Como se comparariam os evangélicos de hoje com os seus predecessores em matéria de "Somente a Deus seja a Glória"? Auto-estima, glória-própria, centralidade do "eu" parecem dominar a pregação, ensino e a literatura popular do mundo evangélico. Os evangélicos de hoje sabem muito pouco do grande Deus dos reformadores - um Deus que faz tudo conforme o Seu agrado, em relação aos céus e às pessoas sobre a terra e "que faz tudo conforme o conselho da Sua vontade" (Dn. 4; Ef. 1: 11). Os evangélicos hoje se prostram com temor diante de Deus pela consciência de Sua Soberania? Hoje a busca é pela emoção, prazer, pela experiência, pelo ‘suor’! Louvar ao Deus de uma experiência pessoal, de uma emoção, da ‘preferência pessoal’, contudo, é na verdade louvar um ídolo. Os reformadores levavam muito a sério a Glória de Deus, e aqueles que quiserem ser “evangélicos genuínos” também devem fazê-lo.

Muitas pessoas se perguntam por que o povo da "Reforma" parece ser “ranzinza”. Lutero, Calvino, Melanchton, Farel, Beza, Knox e Zwinglio realmente não eram ‘populares’. Não eram ‘ranzinzas’, nem amuados, mas não trocavam a verdade das Sagradas Escrituras pelos aplausos dos ouvintes, nem tampouco a Glória de Deus pela autopromoção. Ora, ninguém quer estar ao redor de pessoas ranzinzas e amuadas - e eu não gostaria de ser conhecido como uma pessoa assim. Mas precisamos encarar o fato de que estes são tempos de grande infidelidade e de excessivas ‘modernizações’ no seio da igreja. A nós foi dada uma fé rica, com Cristo no centro. Porém trocamos nossa rica dieta por um saco de pipocas e, por isso, estamos mal nutridos.

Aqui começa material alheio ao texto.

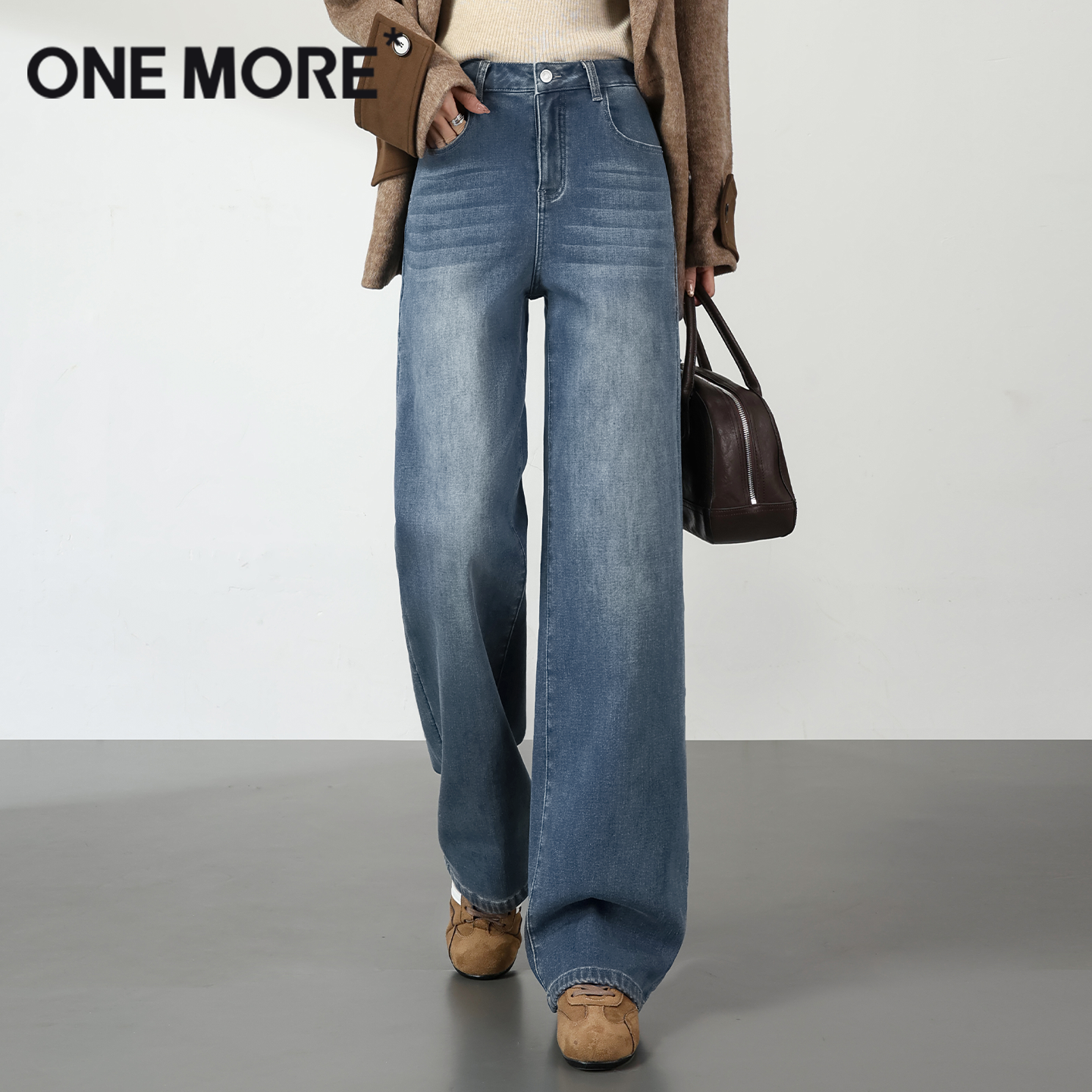 onemore阔腿牛仔裤女新款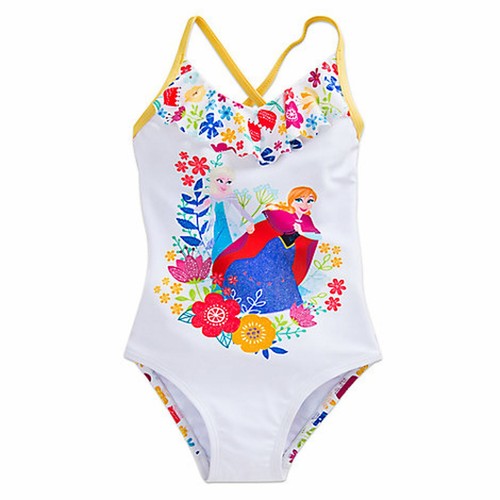 Disney Store Frozen Deluxe Swimsuit Anna Elsa Princess Ruffle Girls Swimwear NEW - Picture 15 of 20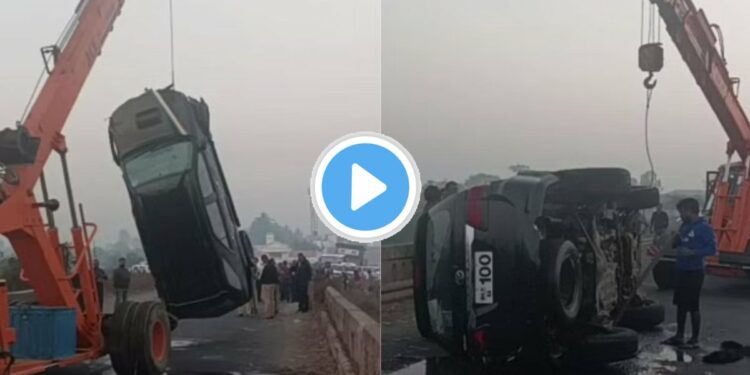 राज्यातल्या भाजप आमदाराच्या वाहनाला भीषण अपघात, थरकाप उडवणारा VIDEO समोर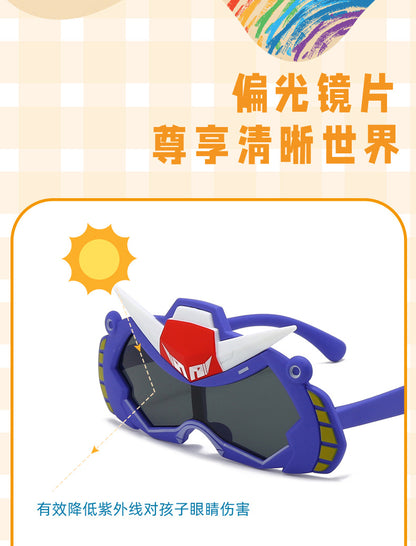 2026 New Soft Silicone Kidsren's Sunglasses for Outdoor Travel, Fashionable Cartoon Kidsren's Polarized Sunglasses with Uv Protection
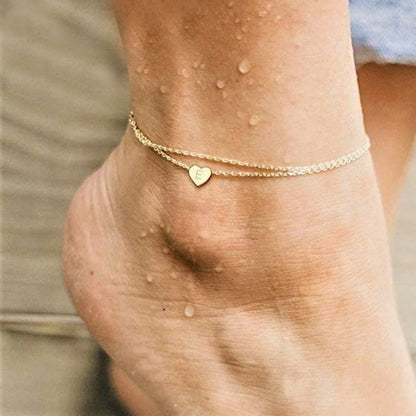 Casual Hawaiian Simple Style Letter Heart Shape 316 Stainless Steel  Layered Inlay Zircon 18K Gold Plated Rose Gold Plated Silver Plated Women's Anklet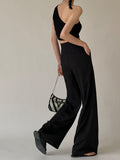 Lilideco Tie Waist Flowy Wide Leg Dress Pants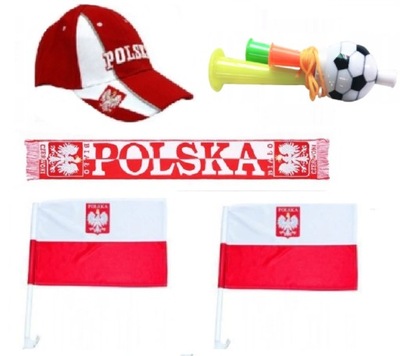 Polska Zestaw kibica polska reprezentacji szalik czapka flaga samochodowa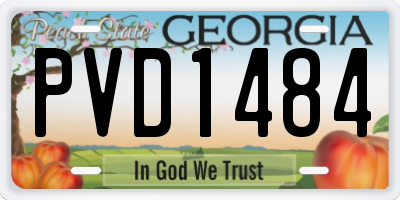 GA license plate PVD1484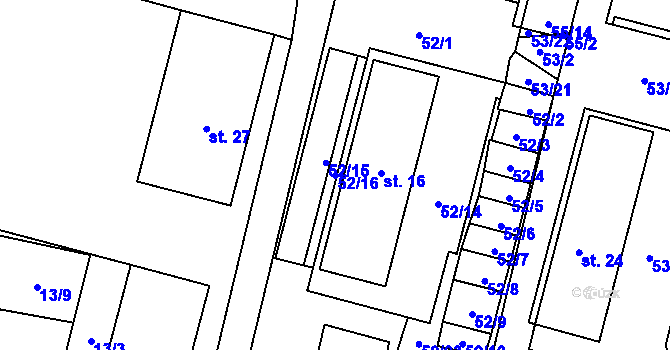 Parcela st. 52/16 v KÚ Josefův Důl u Mladé Boleslavi, Katastrální mapa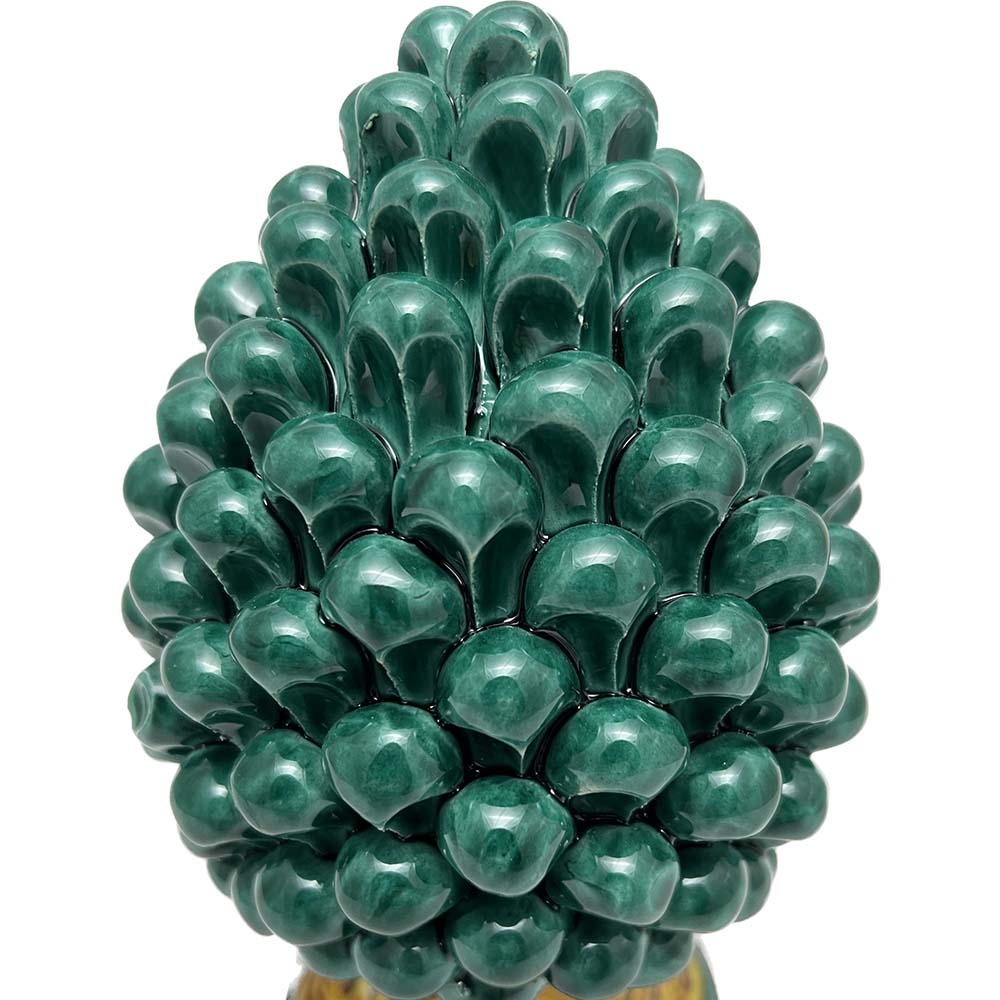 Pigna decorativa in ceramica di Caltagirone dipinta e decorata a mano verde H 21 cm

Se nós ‘evangélicos da atualidade’ quisermos saúde espiritual, teremos que voltar para as verdades que fazem de "evangélicos" "evangélicos reformados". A Bíblia - nosso único fundamento; Cristo - nossa única esperança; Graça - nosso único evangelho; Fé - nosso único instrumento; a Glória de Deus - nosso único alvo; o Sacerdócio de todos os santos - nosso único ministério. Este evangelicalismo original ainda é –é sempre será– suficiente para fazer, mesmo de nossas menores vitórias, algo muito grande.

Rev. Ézio Martins de Lima

Traduzido e adaptado do texto do Dr.Michael Horton, professor

no Seminário Teológico Reformado, Orlando-Flórida.